There is a paradox in the seeking in the spiritual life. In the Buddhist tradition you look inwards, but to see guidance outside yourself, you can get support. We don't always assess things properly, don't necessarily see when we're snookered. You can get dramatic and say kill the Buddha. Being too self reliant, you might not hear the teachings that you need.

There's another paradox in syncretism. Do you seek the path that is pointed to by all the traditions? Is it fair to co-opt tricks and turns from traditions that have different goals? Is heaven and grace here and now a kind of enlightenment?

Find the Seeker takes a syncretic approach by looking at Buddhism, Taoism, Hinduism, Stoicism, mystical and metaphysical poets, New Age gurus and Christianity. It has me asking these questions.

There is a part of me that wonders if Buddhism needs other ideas. I don't have a problem with people enjoying other traditions to enhance a Buddhist project. I don't have people who don't want to define things and put them in boxes. I don't have a problem with people enjoying traditions outside Buddhism. You own your path. I just wonder if I need anything else besides the Buddhist teachings. I certainly read other things, but it's just a matter of exposing myself. Perhaps I'm afraid it's not all contained in Buddhism. I want to make sure. Usually I find that I don't need anything besides Buddhism. I don't like it that I'm wary of some teachers, their reputation isn't that great. Perhaps some found good. I'm not against anyone finding good in a teacher. I sometimes wonder if some teachers just tried to churn out stuff to get a following or to maximize their sexual partners or to feel grand, but I didn't really know them, and I shouldn't comment not knowing. I can only go on what seems to me, and I try to have a sense of how well I know things. We have to be superficial because we can't be interested in everything. We have limits. Some books just somehow raise my hackles. Am I just too comfortable with my teacher? One talk I listened to discussed how you should absorb yourself in a tradition quite a while to give it a fair chance. Some people are more faithful and some people are more promiscuous with a tradition or traditions.
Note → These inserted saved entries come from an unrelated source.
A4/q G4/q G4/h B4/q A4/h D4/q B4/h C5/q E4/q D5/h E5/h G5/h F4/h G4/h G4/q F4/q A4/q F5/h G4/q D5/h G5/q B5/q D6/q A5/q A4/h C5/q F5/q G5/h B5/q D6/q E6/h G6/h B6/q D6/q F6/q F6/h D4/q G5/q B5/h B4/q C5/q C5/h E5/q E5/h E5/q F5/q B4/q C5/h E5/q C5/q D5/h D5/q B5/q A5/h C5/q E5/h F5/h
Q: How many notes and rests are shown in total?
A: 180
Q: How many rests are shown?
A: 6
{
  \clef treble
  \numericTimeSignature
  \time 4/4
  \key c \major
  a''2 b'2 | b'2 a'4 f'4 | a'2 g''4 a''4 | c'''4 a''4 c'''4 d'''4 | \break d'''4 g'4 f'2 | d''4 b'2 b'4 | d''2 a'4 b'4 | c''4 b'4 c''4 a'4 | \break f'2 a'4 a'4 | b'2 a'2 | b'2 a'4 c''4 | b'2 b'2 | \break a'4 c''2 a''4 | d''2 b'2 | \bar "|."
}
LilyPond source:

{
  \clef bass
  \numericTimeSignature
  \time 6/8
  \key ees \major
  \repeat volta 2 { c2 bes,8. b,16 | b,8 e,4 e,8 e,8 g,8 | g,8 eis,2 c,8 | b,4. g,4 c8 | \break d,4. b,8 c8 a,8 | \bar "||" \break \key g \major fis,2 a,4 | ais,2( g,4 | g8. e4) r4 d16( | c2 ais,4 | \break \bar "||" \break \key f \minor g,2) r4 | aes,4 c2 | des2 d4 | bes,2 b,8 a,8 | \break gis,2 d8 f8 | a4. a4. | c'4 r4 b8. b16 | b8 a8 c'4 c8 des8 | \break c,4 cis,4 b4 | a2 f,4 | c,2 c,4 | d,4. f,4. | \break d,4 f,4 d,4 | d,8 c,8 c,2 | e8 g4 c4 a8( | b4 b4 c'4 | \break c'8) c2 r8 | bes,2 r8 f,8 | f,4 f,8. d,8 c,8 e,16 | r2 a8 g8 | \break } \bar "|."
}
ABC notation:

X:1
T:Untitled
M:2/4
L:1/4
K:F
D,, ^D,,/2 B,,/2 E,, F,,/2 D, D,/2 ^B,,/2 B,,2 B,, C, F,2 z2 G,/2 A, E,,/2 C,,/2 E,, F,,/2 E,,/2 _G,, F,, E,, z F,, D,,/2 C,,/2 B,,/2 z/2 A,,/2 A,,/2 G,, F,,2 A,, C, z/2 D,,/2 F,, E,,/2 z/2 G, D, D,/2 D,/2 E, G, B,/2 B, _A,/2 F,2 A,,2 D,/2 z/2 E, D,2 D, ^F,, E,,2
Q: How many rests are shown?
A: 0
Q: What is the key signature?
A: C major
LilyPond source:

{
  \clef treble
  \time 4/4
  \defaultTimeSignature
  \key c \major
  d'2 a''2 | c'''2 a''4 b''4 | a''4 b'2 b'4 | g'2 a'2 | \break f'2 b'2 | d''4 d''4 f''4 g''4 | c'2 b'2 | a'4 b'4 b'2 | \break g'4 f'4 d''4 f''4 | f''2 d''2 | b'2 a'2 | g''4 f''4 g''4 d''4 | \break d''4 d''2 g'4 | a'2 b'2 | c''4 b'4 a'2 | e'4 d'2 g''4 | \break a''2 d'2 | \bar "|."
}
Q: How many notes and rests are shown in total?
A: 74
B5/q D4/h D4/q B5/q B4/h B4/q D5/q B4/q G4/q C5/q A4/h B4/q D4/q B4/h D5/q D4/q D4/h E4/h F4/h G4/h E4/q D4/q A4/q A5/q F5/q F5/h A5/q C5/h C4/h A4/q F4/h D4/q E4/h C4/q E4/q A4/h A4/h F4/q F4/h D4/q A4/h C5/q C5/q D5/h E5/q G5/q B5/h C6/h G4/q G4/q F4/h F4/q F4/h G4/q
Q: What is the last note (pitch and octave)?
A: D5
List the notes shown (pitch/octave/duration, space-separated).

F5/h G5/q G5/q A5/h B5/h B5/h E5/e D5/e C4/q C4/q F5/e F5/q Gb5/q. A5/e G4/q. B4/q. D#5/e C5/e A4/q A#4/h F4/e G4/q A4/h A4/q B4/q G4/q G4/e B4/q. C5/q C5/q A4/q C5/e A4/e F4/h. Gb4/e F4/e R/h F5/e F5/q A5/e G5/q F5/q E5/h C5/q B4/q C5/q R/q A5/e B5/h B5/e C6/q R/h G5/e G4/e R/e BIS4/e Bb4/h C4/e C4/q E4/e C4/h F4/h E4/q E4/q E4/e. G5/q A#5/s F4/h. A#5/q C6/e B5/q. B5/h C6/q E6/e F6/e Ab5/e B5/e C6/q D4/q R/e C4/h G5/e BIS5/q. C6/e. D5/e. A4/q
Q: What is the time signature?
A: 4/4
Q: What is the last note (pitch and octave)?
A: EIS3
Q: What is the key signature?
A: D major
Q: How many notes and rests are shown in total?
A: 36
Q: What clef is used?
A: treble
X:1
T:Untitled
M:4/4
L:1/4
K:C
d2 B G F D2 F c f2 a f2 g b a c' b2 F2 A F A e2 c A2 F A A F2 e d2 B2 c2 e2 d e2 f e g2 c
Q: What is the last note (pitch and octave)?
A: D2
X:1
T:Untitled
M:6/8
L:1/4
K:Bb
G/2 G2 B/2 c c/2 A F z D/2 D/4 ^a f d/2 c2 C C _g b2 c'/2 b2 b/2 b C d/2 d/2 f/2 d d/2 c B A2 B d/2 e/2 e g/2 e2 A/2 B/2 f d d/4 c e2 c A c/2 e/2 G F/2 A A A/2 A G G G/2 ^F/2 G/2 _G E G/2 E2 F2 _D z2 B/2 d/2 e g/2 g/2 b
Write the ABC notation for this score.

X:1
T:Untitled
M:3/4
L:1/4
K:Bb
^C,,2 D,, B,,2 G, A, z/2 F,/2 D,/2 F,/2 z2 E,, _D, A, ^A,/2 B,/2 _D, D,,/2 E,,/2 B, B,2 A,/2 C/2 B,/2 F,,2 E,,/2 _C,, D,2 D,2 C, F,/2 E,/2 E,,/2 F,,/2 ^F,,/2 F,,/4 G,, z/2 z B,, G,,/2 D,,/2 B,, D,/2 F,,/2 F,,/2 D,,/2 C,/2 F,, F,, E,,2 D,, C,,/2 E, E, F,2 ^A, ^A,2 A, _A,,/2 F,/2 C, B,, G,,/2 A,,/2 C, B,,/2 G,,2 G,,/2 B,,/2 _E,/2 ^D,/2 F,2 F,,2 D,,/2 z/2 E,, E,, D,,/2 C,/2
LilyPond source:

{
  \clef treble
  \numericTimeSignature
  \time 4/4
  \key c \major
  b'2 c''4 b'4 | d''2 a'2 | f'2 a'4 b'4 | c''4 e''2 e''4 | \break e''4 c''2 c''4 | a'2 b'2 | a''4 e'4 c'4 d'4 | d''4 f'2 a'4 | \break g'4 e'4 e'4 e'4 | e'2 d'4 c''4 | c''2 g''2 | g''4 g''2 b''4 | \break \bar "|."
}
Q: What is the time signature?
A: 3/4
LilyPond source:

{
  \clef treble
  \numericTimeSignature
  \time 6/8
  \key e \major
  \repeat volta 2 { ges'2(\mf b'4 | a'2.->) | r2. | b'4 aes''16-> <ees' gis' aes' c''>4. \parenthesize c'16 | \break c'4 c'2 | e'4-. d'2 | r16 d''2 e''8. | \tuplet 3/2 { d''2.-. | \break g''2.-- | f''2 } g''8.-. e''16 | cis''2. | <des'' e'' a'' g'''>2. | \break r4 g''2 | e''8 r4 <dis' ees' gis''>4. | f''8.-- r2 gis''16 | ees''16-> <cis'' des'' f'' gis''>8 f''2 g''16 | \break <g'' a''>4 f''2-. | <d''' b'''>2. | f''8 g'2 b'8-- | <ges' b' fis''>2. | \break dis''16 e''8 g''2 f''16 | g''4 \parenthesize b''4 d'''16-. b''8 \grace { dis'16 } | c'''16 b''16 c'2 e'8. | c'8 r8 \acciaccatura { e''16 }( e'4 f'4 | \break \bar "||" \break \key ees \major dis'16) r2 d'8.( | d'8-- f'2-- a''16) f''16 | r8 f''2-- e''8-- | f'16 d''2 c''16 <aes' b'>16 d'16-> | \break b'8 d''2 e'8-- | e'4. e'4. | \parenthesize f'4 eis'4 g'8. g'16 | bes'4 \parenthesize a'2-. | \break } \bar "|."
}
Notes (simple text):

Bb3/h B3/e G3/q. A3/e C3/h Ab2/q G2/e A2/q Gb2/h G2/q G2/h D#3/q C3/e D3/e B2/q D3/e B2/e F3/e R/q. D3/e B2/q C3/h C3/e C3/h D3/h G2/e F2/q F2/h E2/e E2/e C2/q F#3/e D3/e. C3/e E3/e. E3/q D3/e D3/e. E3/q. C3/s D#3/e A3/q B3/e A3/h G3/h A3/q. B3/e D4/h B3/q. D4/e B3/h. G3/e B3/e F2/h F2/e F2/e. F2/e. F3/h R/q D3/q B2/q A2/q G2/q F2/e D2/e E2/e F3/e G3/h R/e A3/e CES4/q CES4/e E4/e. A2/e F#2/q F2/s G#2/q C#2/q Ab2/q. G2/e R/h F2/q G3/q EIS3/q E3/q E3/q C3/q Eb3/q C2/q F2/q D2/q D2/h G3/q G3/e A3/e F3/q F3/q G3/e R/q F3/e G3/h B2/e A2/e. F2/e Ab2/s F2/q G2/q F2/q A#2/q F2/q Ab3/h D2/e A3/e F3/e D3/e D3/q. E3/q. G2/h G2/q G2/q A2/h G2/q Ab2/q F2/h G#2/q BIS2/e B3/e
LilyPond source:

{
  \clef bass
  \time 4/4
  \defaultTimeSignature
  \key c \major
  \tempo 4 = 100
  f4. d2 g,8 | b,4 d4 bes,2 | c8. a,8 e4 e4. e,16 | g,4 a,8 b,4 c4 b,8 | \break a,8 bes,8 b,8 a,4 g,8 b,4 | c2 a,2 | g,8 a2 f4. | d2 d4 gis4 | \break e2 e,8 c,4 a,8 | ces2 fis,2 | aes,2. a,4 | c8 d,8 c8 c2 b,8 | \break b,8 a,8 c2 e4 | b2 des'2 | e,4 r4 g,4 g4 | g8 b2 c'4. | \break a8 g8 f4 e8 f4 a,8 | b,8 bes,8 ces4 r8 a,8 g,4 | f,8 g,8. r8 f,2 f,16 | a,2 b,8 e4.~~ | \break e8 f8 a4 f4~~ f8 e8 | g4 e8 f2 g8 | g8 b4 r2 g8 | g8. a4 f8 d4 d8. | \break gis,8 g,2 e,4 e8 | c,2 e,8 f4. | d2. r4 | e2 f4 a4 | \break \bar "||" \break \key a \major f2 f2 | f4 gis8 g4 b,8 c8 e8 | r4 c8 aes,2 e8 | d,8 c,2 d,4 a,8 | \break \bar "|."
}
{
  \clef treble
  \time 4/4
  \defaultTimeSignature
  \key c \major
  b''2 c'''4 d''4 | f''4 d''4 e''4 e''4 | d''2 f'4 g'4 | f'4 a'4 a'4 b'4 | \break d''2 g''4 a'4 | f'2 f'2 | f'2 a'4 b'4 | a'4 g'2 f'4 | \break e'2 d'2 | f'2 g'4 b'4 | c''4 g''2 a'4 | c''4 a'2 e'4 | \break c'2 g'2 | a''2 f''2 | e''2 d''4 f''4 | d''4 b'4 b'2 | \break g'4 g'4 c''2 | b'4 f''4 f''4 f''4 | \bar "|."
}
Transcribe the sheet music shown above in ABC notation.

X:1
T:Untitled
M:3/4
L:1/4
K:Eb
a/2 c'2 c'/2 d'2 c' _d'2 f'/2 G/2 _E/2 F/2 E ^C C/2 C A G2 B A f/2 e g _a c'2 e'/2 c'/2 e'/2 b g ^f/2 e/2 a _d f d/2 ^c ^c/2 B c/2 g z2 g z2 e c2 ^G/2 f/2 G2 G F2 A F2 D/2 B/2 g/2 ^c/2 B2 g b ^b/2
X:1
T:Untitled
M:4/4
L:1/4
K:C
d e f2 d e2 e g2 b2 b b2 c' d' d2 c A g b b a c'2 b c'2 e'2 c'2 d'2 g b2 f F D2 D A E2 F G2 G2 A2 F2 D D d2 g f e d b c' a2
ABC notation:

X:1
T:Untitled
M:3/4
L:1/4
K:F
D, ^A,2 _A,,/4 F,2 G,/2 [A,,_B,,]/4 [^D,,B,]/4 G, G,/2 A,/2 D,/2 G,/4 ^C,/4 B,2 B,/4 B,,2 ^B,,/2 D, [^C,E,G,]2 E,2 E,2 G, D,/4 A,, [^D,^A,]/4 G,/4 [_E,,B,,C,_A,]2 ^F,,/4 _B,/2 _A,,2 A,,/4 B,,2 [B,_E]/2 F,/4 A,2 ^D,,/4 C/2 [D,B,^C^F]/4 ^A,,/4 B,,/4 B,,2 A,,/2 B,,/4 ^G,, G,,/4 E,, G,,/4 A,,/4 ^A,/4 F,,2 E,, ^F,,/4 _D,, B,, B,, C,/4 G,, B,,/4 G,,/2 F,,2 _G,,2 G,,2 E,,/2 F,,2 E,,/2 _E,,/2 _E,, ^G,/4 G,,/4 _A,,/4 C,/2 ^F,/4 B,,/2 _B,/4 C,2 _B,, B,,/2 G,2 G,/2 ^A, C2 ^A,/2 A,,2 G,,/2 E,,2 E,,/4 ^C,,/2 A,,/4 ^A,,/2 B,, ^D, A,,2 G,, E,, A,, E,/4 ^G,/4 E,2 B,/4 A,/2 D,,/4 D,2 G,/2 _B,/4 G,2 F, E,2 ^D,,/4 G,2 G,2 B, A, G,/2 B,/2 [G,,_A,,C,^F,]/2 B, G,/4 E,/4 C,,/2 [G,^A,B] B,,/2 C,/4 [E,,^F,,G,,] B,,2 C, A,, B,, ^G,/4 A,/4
I feel like there is a saturation in spiritual books. We're chock a block with them. Some people are into The Secret. Or A Course Of Miracles. I've had lovely conversations based on these books though I have not read them myself. I like Marsha Linehan. There's an intersection between psychology and spirituality. I used to encourage people to explore their spiritual life.

I ask for people to send books to me, and then I get a big pile of books that I don't want to read once I read a few pages. Then I go months and months. I can't seem to control the flow of books, too much for a time, to little for a time. I haven't been reading as much as I used to. I gobbled up books there for a while and I've reread and reread quite a lot of books. Certainly I've missed a lot in gluttony and indigestion. Nowadays books tend to lose me in the introduction. I've been reading a lot of novels instead. I try to push nonfiction but it grates on me at times. You have to give library books back, even though modern apps allow for easy renewal. I've got a list of books I can get out of the library and continue to read. Every once in a while I pick up a book I was reading and finish it and wonder why I quit reading it. I must be currently in the process of reading about 40 books. I read a Mary Oliver poem almost every day.

I hate to sound like a psychoanalytic wonk but I like formulated experience, describing inner experience in it's rich flora and fauna. Sometimes I can't fall asleep because ideas are swooshing around my mind. I remember taking up 2 days contemplating an offense on a retreat. It's hard not to be precious and self obsessed examining your experience to try and transcend it.